Он изучил «Короля Лира» в различных русских переводах — Дружинина, Кузьмина, Кетчер и Соколовского; сравнивая переводы, делал в них очень важные для себя открытия: в переводе Дружинина Лир говорит, что он решил выполнить «свой замысел давнишний», в переводе же Соколовского фраза звучит иначе: «Мы решили осуществить наш умысел давнишний». «Это укрепляло меня в убеждении, что Лир, осуществляя свою мысль о разделе государства, действовал по заранее обдуманному плану. Отнестись к его затее как к капризу выжившего из ума старика, затосковавшего по покою, было бы натяжкой, искусственно приписанной Шекспиру» (Михоэлс).

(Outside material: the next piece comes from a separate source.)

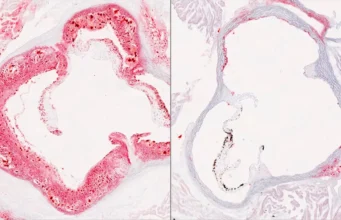 Cientistas descobriram o interruptor oculto do fígado que reduz o colesterol ruim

К работе над ролью Лира Михоэлс приступил в трудное для себя время. И все же о нем можно сказать, что он был любимцем — не баловнем, но любимцем судьбы. Именно в это трагическое для Михоэлса время судьба одарила его новой встречей — с Анастасией Павловной Потоцкой. Она вошла в его мир — неожиданно и до конца дней — как бы из другой галактики. По матери — потомок старинного дворянского рода Воейковых, по отцу — аристократического польского рода Потоцких, Анастасия Павловна выросла в окружении учениц и преподавателей Первой московской женской гимназии, основательницей которой была ее мать — Варвара Васильевна Потоцкая, преподававшая там французскую словесность. В гимназии Потоцкой учились сестры Марина и Анастасия Цветаевы, среди преподавателей был С. В. Рахманинов, частый гость в их доме. В конце 1933 года, когда Михоэлс познакомился с Анастасией Павловной, она была молода и прелестна. Насмешливый взгляд умных, необычайно красивых глаз, чарующая улыбка, некрасивые, но удивительно милые черты лица сводили с ума многих ее поклонников. Анастасия Павловна отличалась незаурядным умом, истинной воспитанностью, тонкой женской интуицией, подлинным талантом общения.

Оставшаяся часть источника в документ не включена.